Records from a collection
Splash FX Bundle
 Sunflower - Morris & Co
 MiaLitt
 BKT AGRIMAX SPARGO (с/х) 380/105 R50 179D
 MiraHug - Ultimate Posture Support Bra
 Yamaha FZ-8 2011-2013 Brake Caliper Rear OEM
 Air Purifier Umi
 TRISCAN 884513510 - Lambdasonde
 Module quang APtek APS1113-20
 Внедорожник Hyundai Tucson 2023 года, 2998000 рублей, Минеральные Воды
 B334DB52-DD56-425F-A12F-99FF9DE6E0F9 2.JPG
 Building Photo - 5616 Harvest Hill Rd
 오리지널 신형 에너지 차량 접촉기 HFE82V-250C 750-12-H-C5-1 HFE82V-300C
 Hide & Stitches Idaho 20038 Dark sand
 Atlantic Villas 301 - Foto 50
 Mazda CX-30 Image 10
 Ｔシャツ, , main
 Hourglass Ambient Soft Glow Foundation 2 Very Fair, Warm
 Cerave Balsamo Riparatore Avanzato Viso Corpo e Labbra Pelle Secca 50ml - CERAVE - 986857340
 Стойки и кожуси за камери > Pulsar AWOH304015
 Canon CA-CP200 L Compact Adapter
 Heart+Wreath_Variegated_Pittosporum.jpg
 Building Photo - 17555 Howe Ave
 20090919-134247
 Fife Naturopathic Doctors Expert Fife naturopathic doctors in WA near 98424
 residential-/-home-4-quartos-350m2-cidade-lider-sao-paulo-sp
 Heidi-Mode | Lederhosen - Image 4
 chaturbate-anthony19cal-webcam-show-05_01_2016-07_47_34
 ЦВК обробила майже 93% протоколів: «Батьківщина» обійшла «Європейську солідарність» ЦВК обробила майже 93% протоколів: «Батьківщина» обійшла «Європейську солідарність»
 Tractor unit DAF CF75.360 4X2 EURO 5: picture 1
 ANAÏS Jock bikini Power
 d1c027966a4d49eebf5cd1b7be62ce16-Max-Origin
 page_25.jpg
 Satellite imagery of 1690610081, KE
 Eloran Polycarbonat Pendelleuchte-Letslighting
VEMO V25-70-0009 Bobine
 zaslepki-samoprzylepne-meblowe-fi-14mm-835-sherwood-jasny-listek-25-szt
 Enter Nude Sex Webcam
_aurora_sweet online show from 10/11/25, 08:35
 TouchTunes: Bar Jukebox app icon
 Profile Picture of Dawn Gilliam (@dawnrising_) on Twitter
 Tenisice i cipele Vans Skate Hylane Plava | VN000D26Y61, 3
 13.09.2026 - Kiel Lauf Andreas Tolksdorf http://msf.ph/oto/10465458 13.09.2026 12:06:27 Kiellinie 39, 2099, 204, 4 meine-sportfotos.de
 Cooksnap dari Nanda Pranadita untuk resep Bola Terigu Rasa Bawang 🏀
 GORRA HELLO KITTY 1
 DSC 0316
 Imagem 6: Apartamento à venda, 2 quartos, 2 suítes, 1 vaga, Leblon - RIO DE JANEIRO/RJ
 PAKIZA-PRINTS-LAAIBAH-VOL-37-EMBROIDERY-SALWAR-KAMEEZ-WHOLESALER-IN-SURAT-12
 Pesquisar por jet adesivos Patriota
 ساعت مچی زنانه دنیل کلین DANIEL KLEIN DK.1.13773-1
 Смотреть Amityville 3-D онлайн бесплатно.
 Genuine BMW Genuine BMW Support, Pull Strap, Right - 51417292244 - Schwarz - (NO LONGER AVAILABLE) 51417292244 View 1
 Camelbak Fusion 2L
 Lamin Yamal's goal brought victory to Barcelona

■ **WHAT IS EXPECTED**: Please give an exact copy of the lines above, beginning with the line containing "Building Photo - 5616 Harvest Hill Rd" and running through the line containing "VEMO V25-70-0009 Bobine", and of no other lines.

■ **YOUR SOLUTION**:
 Building Photo - 5616 Harvest Hill Rd
 오리지널 신형 에너지 차량 접촉기 HFE82V-250C 750-12-H-C5-1 HFE82V-300C
 Hide & Stitches Idaho 20038 Dark sand
 Atlantic Villas 301 - Foto 50
 Mazda CX-30 Image 10
 Ｔシャツ, , main
 Hourglass Ambient Soft Glow Foundation 2 Very Fair, Warm
 Cerave Balsamo Riparatore Avanzato Viso Corpo e Labbra Pelle Secca 50ml - CERAVE - 986857340
 Стойки и кожуси за камери > Pulsar AWOH304015
 Canon CA-CP200 L Compact Adapter
 Heart+Wreath_Variegated_Pittosporum.jpg
 Building Photo - 17555 Howe Ave
 20090919-134247
 Fife Naturopathic Doctors Expert Fife naturopathic doctors in WA near 98424
 residential-/-home-4-quartos-350m2-cidade-lider-sao-paulo-sp
 Heidi-Mode | Lederhosen - Image 4
 chaturbate-anthony19cal-webcam-show-05_01_2016-07_47_34
 ЦВК обробила майже 93% протоколів: «Батьківщина» обійшла «Європейську солідарність» ЦВК обробила майже 93% протоколів: «Батьківщина» обійшла «Європейську солідарність»
 Tractor unit DAF CF75.360 4X2 EURO 5: picture 1
 ANAÏS Jock bikini Power
 d1c027966a4d49eebf5cd1b7be62ce16-Max-Origin
 page_25.jpg
 Satellite imagery of 1690610081, KE
 Eloran Polycarbonat Pendelleuchte-Letslighting
VEMO V25-70-0009 Bobine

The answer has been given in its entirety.